El gobierno nacional avanza en la confección de un protocolo operativo para regular una de las facultades más polémicas del Decreto de Necesidad y Urgencia (DNU) 941, que reformó el sistema de inteligencia: la autorización para que agentes de la Secretaría de Inteligencia del Estado (SIDE) puedan aprehender personas.
Mientras la oposición denuncia un avance hacia un «Estado policial», desde el Ejecutivo sostienen que la medida busca ordenar y modernizar un sistema con superposiciones históricas, y que el protocolo delimitará estrictamente su uso. Según Noticias Argentinas (NA).

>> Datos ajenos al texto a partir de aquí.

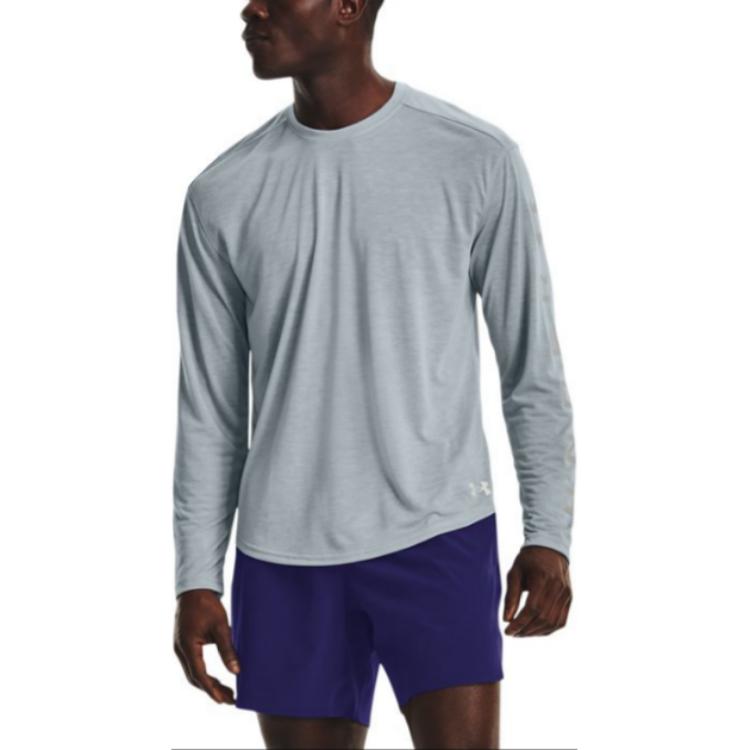 Under Armour Anywhere Training Slim Fit Long Sleeve T-Shirt Men Tops Blue 1379010-465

Los alcances concretos de la facultad de aprehensión
El artículo 10 nonies del DNU 941, publicado el 2 de enero, establece que el personal de inteligencia podrá proceder a la aprehensión de personas “en el marco del desarrollo de actividades de inteligencia, auxilio o requerimiento judicial y/o comisión de delitos en flagrancia”, con la obligación de dar “aviso inmediato a las fuerzas policiales y de seguridad competentes”.
Para acotar esta amplia disposición, el Ejecutivo ya trabaja en un protocolo específico. Según pudo conocerse, el documento buscará establecer con precisión en qué circunstancias puntuales los agentes estarán habilitados, y especificará qué personal estará afectado a dichas tareas. Fuentes oficiales indicaron que las aprehensiones se limitarán a tres escenarios: delitos en flagrancia, operativos conjuntos con requerimiento judicial expreso, o situaciones donde sea necesario proteger al personal o la operación de inteligencia en curso.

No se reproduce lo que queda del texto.